CHAPTER 37

Dr. Naomi Wise put on her reading glasses and looked at the “paper” on the computer in front of her. “How Tobacco Perverted Science to Sell and Profit Off Addiction and Death in African American Households.” Not the most original of titles, but the student, a freshman in her Sociology Class at Howard University, certainly took a stance right from the opening. The girl had receipts.

She smiled. She liked the summer semesters. She saw some of the best work from students in these truncated semesters. She also liked working in her office on weekends. It wasn’t unusual for her to be in her office on Sundays and holidays.

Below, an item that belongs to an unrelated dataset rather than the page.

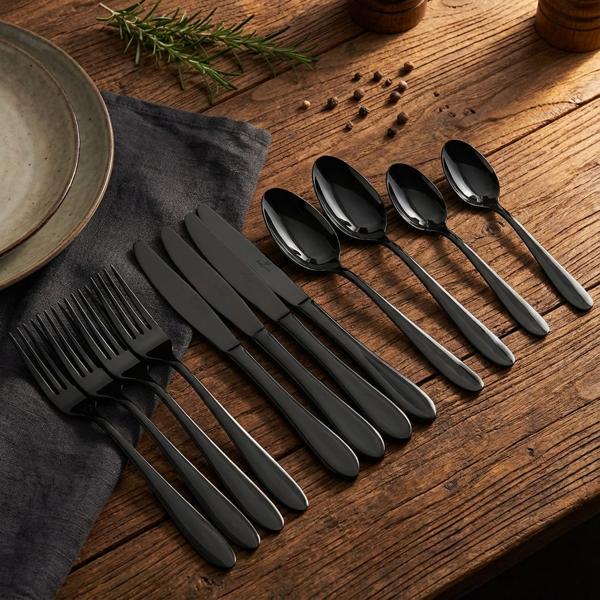 Modernes 24-tlg. Besteck Set, schwarz: Für 6 Personen, zeitloses Design, perfekt für Dinnerpartys & den Alltag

Dr. Wise was renowned in her field. She could teach anywhere. She chose Howard, her own alma mater. Howard University was as much a part of her self-identity as her own family. She’d been slightly disappointed when her granddaughter, Camille, had chosen Mary Washington University over Howard thirteen years prior, but the girl had been raised by her mother after all. Gwen Wise had never seen eye to eye with her learned mother-in-law. After Jameel had been killed in Afghanistan, Naomi had seen less and less of her granddaughter until the relationship was reduced to holiday telephone calls. Naomi sighed. She knew she was equally to blame, but it felt better to blame Gwen.

Uncertain as to why she was thinking of her granddaughter at that moment, she refocused on the paper in front of her. The student, Jameka Bradley, had included memorandums from Bowen Tobacco, dating decades back, all pushing the agenda to suppress scientific evidence about the addictiveness of nicotine. There was nothing new in them. This had all been exposed in several lawsuits over the last few decades, but this was an introductory sociology class, and Naomi was impressed with Jameka’s thoroughness and resourcefulness.

One memo caught her attention and turned her focus back to her granddaughter. It mentioned a contract with Moore Robotics in Chicago. Isn’t that where Camille’s husband is working?

She opened her email and shot a quick note to Jameka. “I’m very impressed with your research. I’m curious about a memo you referenced dated September 1, 1998. Would you be available to review your source material this afternoon? I’d like to see the original memorandum.”

Within minutes, Jameka had replied she’d be delighted and would be available at 12:30 pm.

Naomi penciled the girl in and called her granddaughter.